WHAT YOU NEED TO DO » The line with "Dual / Клонирана (2022)" marks where to begin; print it and all lines after it in the material below exactly, skipping pictures.

RECORDS FOR THIS EXERCISE »
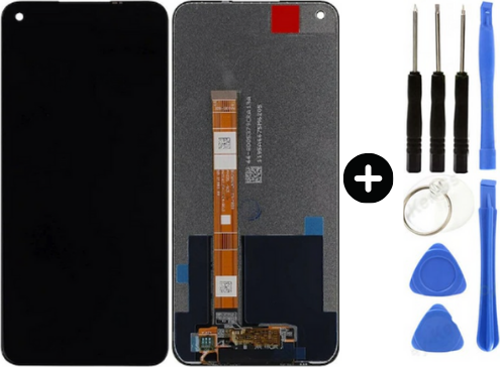 Oneplus Nord N10 5G BE2028 Uyumlu Servis Lcd Ekran Dokunmatik + Tamir Seti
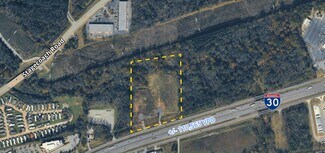 Plus de détails pour 12800 Interstate 30, Little Rock, AR - Terrain à vendre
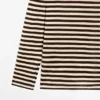 Oversize Striped Long Sleeve T-Shirt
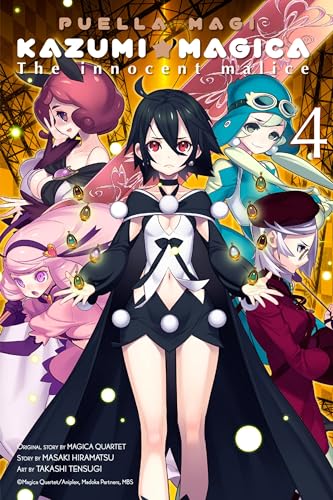 Puella Magi Kazumi Magica, Vol. 4: The Innocent Malice (Volume 4)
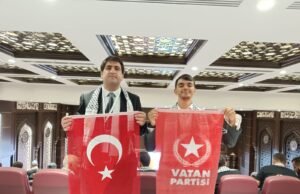 Vatan Partisi Öncü Gençlik, Kerbela’da Filistin İçin Tek Cephede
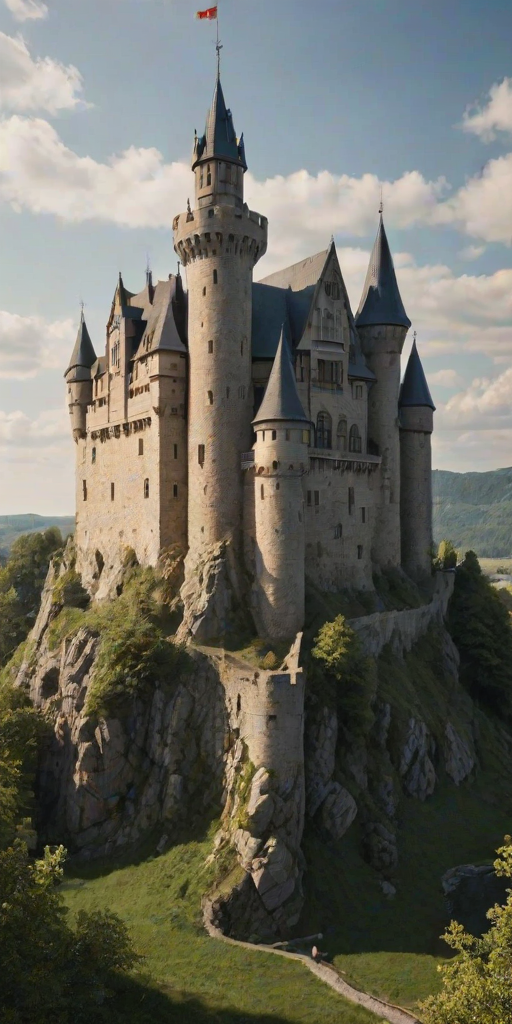medieval castle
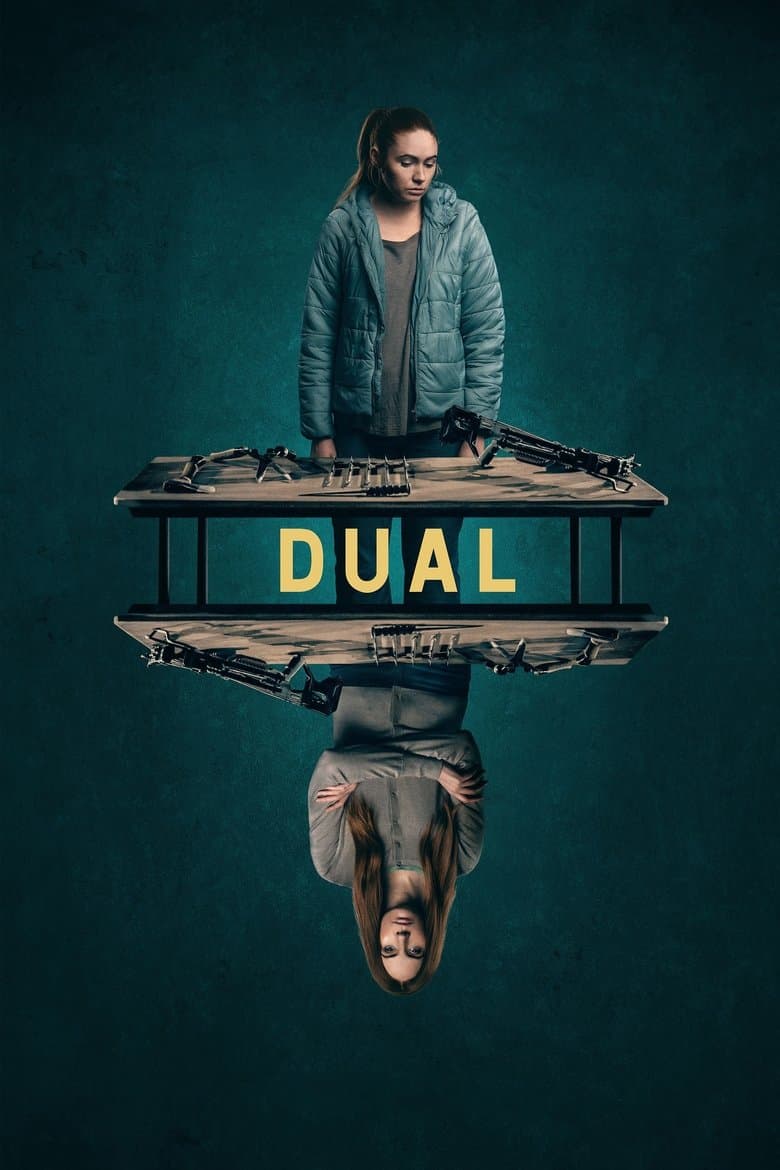 Dual / Клонирана (2022)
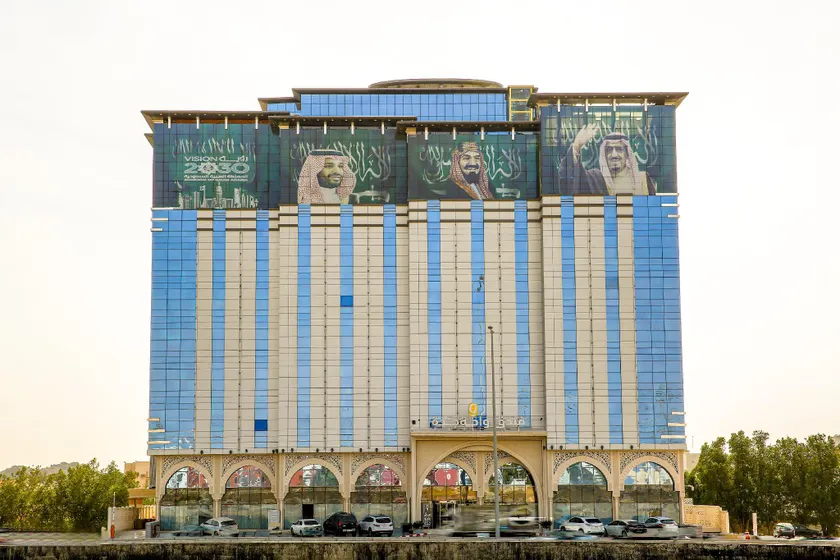 Jeddah Oasis Hotel - Image 1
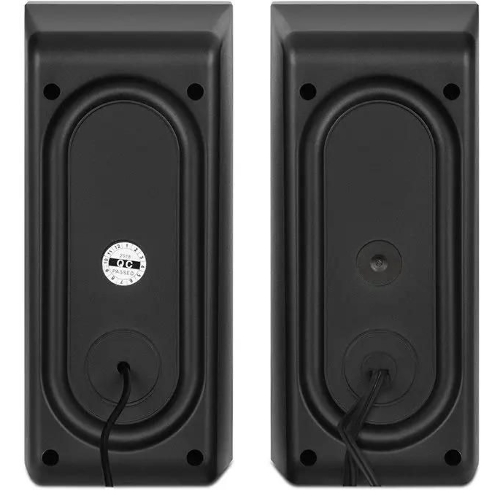Акустическая система SVEN 357, черный (6 Вт, питание USB)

OUTPUT »
 Dual / Клонирана (2022)
 Jeddah Oasis Hotel - Image 1
Акустическая система SVEN 357, черный (6 Вт, питание USB)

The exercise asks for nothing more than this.